Una quindicina di artisti e curatori sono invitati a tenere un breve intervento a una conferenza in un prestigioso museo del centro di Milano. Sono le cinque del pomeriggio, le persone iniziano ad arrivare. All’ingresso della sala conferenze, si fermano tutti con un dubbio non troppo banale: “Dove mi posso sedere? A destra o a sinistra?”. Domanda lecita se la sala è stretta e lunga, vi sono due platee contrapposte con un tavolo centrale rotondo e davanti alle due platee vi sono due schermi per le proiezioni.
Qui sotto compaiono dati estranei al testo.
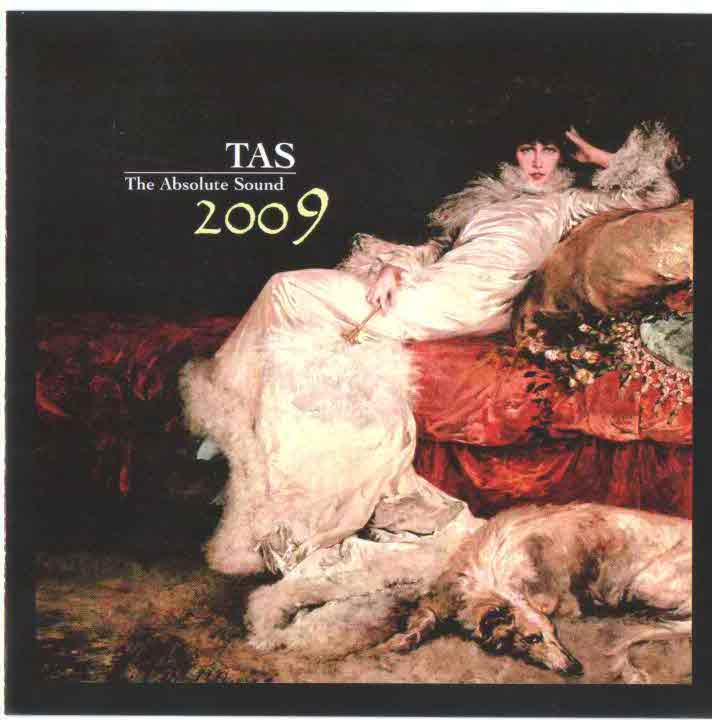 《绝对的声音2009》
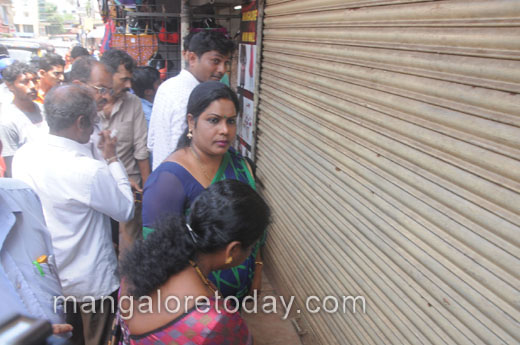 MCC raid market road 3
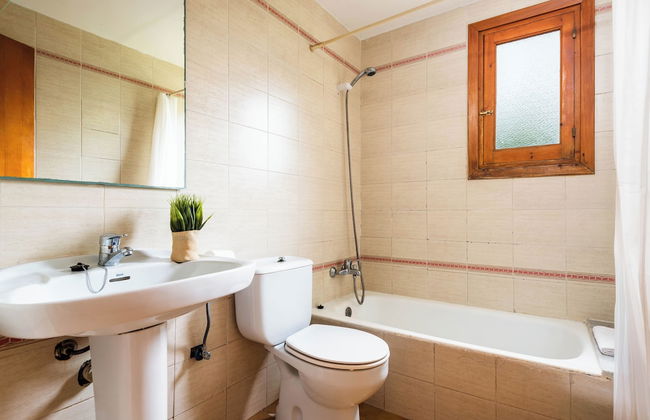 Apartamentos Mar Blanca - Photo 50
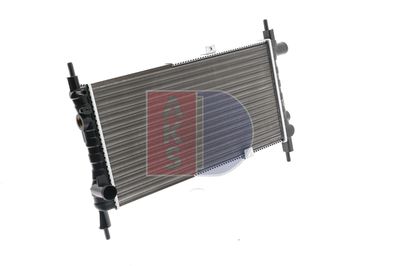 KüHLER MOTORKüHLUNG AKS DASIS 150310N 13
Dopo un quarto d’ora la parte sinistra della sala è quasi tutta occupata, nell’altra ci sono solo tre persone. Entra un curatore e chiede: “Perché alcuni sono qua e altri là? Da una parte i buoni e dall’altra i cattivi?”. Un’artista si avvicina all’organizzatrice e, un po’ preoccupata, domanda: “Quando parlerò, dove devo guardare? Di qua o di là? Come faccio a vedere quello che viene proiettato? Da qui non si riesce a guardare il pubblico in faccia. Cosa guardo? Dove guardo?”. Un curatore interviene: “Se mettevano uno specchio su questa parete centrale, almeno si poteva guardare contemporaneamente il pubblico di destra e di sinistra… attraverso lo specchio!”. Arriva poi un artista e, dopo ripetuti sguardi a destra e a sinistra, chiede: “Ma quelli là che fanno? Assistono a un’altra conferenza?”. Un altro artista si guarda intorno un po’ sorpreso e dopo un attimo di esitazione si confida con l’organizzatrice: “Ma fammi capire… quelle persone sono vere? Non c’è nessuno specchio? Ci si può sedere anche là?”.

Alle cinque e mezza la sala è al completo, tutti i posti della parte destra e sinistra sono stati occupati. L’organizzatrice dà il benvenuto: “Buonasera a tutti, innanzitutto mi scuso per la sala, ma prendetevela con R., è lui che l’ha progettata. Mi rendo conto che i posti a sedere senza schienale non sono comodi. Capisco che non è piacevole stare in una sala sotterranea senza finestre. Fa caldo, ma dobbiamo resistere, non si può accendere l’aria condizionata. Anche la disposizione dei proiettori è strana, prima ho preso una testata sul telo, quindi invito le persone sedute in prima fila a fare attenzione quando si alzano. Mi scuso con gli artisti e i curatori che parleranno stasera, so che domani avrete tutti il torcicollo. Vi garantisco che non sarà una serata noiosa. Faremo presto perché dobbiamo concludere la conferenza entro le sette e un quarto, altrimenti ci chiudono qui sotto e potremmo morire tutti insieme per il gran caldo. Vi prometto che la prossima volta organizzo la conferenza a casa mia, mi sa che è più confortevole”.

Con questo discorso iniziale ricco di positività si apre la conferenza che vede protagonisti alcuni artisti e curatori d’arte. La prima curatrice si presenta: “Io arrivo dall’Umbria”. Il secondo curatore inizia il discorso con “Io vengo dalla parte opposta dell’Italia, dalla Calabria”. Poi prende la parola un’artista e, per non interrompere la sequenza iniziata dai curatori, esordisce con “A quest’ora della sera inizio a essere un po’ stanca, mi sono alzata alle cinque questa mattina, ho fatto un lungo viaggio, arrivo dalla Costa Azzurra”. Poi è la volta di un artista francese che prende il microfono dicendo: “Un applauso per lo straniero! Io arrivo da New York”. Quando è stato il turno dell’ultimo artista, per un attimo il pubblico ha temuto che iniziasse il suo discorso con “Arrivo da una missione nello Spazio, non potevo proprio mancare questa sera”.

I ringraziamenti finali dell’organizzatrice a tutti i partecipanti fanno scaturire un lungo applauso: la serata è andata benissimo, gli interventi sono stati tutti interessanti. È stato un appuntamento che ha riunito diverse persone del mondo dell’arte, provenienti anche da lontano, per condividere una serata in uno dei più prestigiosi musei di Milano che ha la più scomoda sala conferenze. Ma che importa… tanto artisti e curatori metteranno in curriculum “Museo del Novecento” e non che gli è venuto il torcicollo e che la sala conferenze è un bunker.